Figure 1: Temporal variations of: [A] SO2 and [B] NO2 concentrations.   Click here to view Figure

The monthly variations of the two pollutants in the classrooms and the ambient air of the three schools are depicted in Figure 1. The highest indoor concentration of SO₂ (7.7 µg m^-3) occurred during March.  However, the peak outdoor concentration (8.4 µg m^-3) occurred in two months (March and February) in SU-1.  The comparatively higher SO₂ and NO₂ concentrations obtained in the current study during the pre-monsoon and winter might be due to high temperatures and low humidity.    A significant seasonal variation in the concentrations of SO₂ was observed between the pre-monsoon and monsoon samplings (at p< 0.001) and also between the monsoon months and winter months (at p< 0.001). For NO_2, a significant variation in the concentrations of the gas was observed only between the monsoon and winter (at p< 0.001).                                                           

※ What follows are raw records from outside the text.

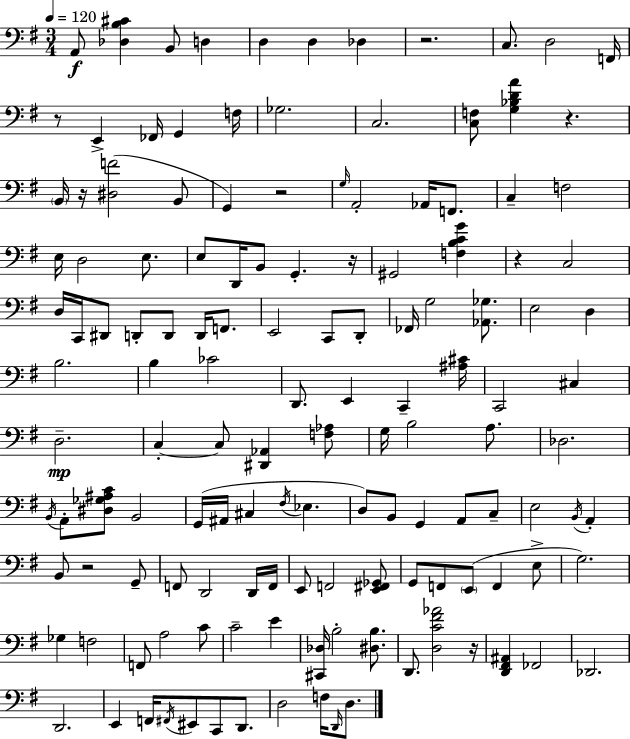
{
  \clef bass
  \numericTimeSignature
  \time 3/4
  \key g \major
  \tempo 4 = 120
  a,8\f <des b cis'>4 b,8 d4 | d4 d4 des4 | r2. | c8. d2 f,16 | \break r8 e,4-> fes,16 g,4 f16 | ges2. | c2. | <c f>8 <g bes d' a'>4 r4. | \break \parenthesize b,16 r16 <dis f'>2( b,8 | g,4) r2 | \grace { g16 } a,2-. aes,16 f,8. | c4-- f2 | \break e16 d2 e8. | e8 d,16 b,8 g,4.-. | r16 gis,2 <f b c' g'>4 | r4 c2 | \break d16 c,16 dis,8 d,8-. d,8 d,16 f,8. | e,2 c,8 d,8-. | fes,16 g2 <aes, ges>8. | e2 d4 | \break b2. | b4 ces'2 | d,8. e,4 c,4-- | <ais cis'>16 c,2 cis4 | \break d2.--\mp | c4-.~~ c8 <dis, aes,>4 <f aes>8 | g16 b2 a8. | des2. | \break \acciaccatura { b,16 } a,8-. <dis ges ais c'>8 b,2 | g,16( ais,16 cis4 \acciaccatura { fis16 } ees4. | d8) b,8 g,4 a,8 | c8-- e2 \acciaccatura { b,16 } | \break a,4-. b,8 r2 | g,8-- f,8 d,2 | d,16 f,16 e,8 f,2 | <e, fis, ges,>8 g,8 f,8 \parenthesize e,8( f,4 | \break e8-> g2.) | ges4 f2 | f,8 a2 | c'8 c'2-- | \break e'4 <cis, des>16 b2-. | <dis b>8. d,8. <d c' fis' aes'>2 | r16 <d, fis, ais,>4 fes,2 | des,2. | \break d,2. | e,4 f,16 \acciaccatura { fis,16 } eis,8 | c,8 d,8. d2 | f16 \grace { d,16 } d8. \bar "|."
}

The lowest SO₂ concentrations in the schools were observed during September for the indoor (2.5 µg m^-3) as well as outdoor (2.7 µg m^-3) environments; both were observed in the SU-1. Similarly, for the NO₂, the highest concentration was observed during January in both the indoor (13.9µg m^-3) and outdoor air (15.1µg m^-3) of the SU-1.  During the study, the lowermost indoor air pollutant levels  (5.0 µg m^-3) occurred during February in the SU-3, while the lowermost outdoor pollutant levels (5.0 µg m^-3) occurred in January and April in SU-3.  The SU-1 is located along the road, while the school SU-3 is situated in a rural residential area.  Dandotiya et al., (2019)³¹ observed that the adverse health consequences of air contaminants were lower in well-vegetated areas than in high-traffic metropolitan areas.  It is noteworthy to mention here that the overall mean concentrations of the SO₂ (4.9±1.5 µg m^-3), as well as NO2 (9.2±3.0 µg m-3), were well below the prescribed limit recommended by NAAQS (SO₂ – 50 µg m^-3 annual and 80 µgm^-3 24-hrs mean; NO₂ – 40 µg m^-3 annual and 80 µgm^-3 24-hrs)¹⁹ and the  WHO³²(40 µg m^-324-hrs mean for SO_2, and 25µg m^-324-hrs mean for NO₂).  Salonen et al.(2019)²¹ reported that the concentrations of NO₂ in the school and the office were well below the WHO-recommended concentrations. 

I-O relationship

The indoor and outdoor relationship of the two gases was deduced with the help of linear regression (Figure 2).  The mean I/O ratio was well below one for both the SO₂ (0.89±0.07) and NO₂ (0.90±0.09).  Analysis of the classroom and campus air contaminations of the two gases exhibit a positive correlation, SO₂ (r= 0.96), and NO₂ (r= 0.96), and was significant (p < 0.001), showing that outdoor air pollutant sources influenced the air quality in the classrooms.  The concentrations of NO₂ in the outdoors may be considered a reliable predictor of indoor NO₂ levels.²¹ Majd et al.(2019)³³ opined that pollutants significantly contributing to indoor exposure were mainly related to outdoor sources, indicating a strong correlation between indoor concentrations with outdoor sources.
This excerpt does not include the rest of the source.